Well, okay, I do have a few nice things to say. I really loved the visuals. I've always thought big, splashy fantasy/scifi graphics were terribly fun, and this series had some lovely graphics: the good/evil spirits' design, the aurora skies, the final battle with giant glowy Korra and little glowing Jinora. (Jinora! I loved her pretty much unreservedly; I think she's the only thing about the last couple of episodes that I loved without exception. Well, and Lin.) At the age of 10, I think I would have been ALL OVER this show. I am not saying that loving it makes a person immature; just that I can tell, watching this, that I would have glommed onto this show's splashy visual epicness hard at a particular age -- I'm just not still in the place where I can enjoy it.
There were other bits and pieces here and there that grownup!me liked.
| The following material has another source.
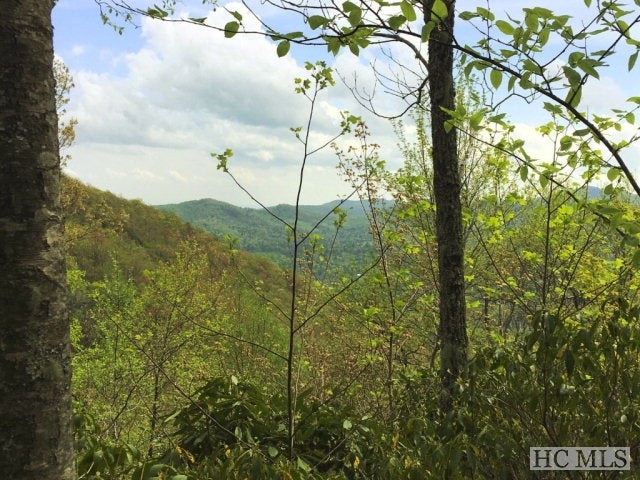 Lot 2 Tower Road Sapphire, NC 28774 - Photo 11 of 35 Gallery Image 11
I still really like Korra in general concept: that she's unreservedly the hero, that she gets to be hotheaded and flawed and make terrible decisions and lose and win.
But in general, I don't care about the characters anymore, and I dislike enough of what the writers are doing with the world and themes right now that I'm really not interested in watching more of the show. I'll just keep my A:tLA happy place and leave the rest of Korra alone.
The exact nature of what bothers me so much about LoK can be summed up, I think, in the entire sequence in which baby!Korra (who was adorable!) gets in touch with her inner light and causes the spirits to return to normal. The thing is, that episode told her exactly what she had to do to win. The more aggression and violence you bring to the spirits, the more aggression and violence they'll return. The way to get through to them is by finding inner peace and light. Which is a very A:tLA message, and it's what happened at the end, eventually, when Jinora did the brave and self-sacrificing thing and went to bring the light to Korra.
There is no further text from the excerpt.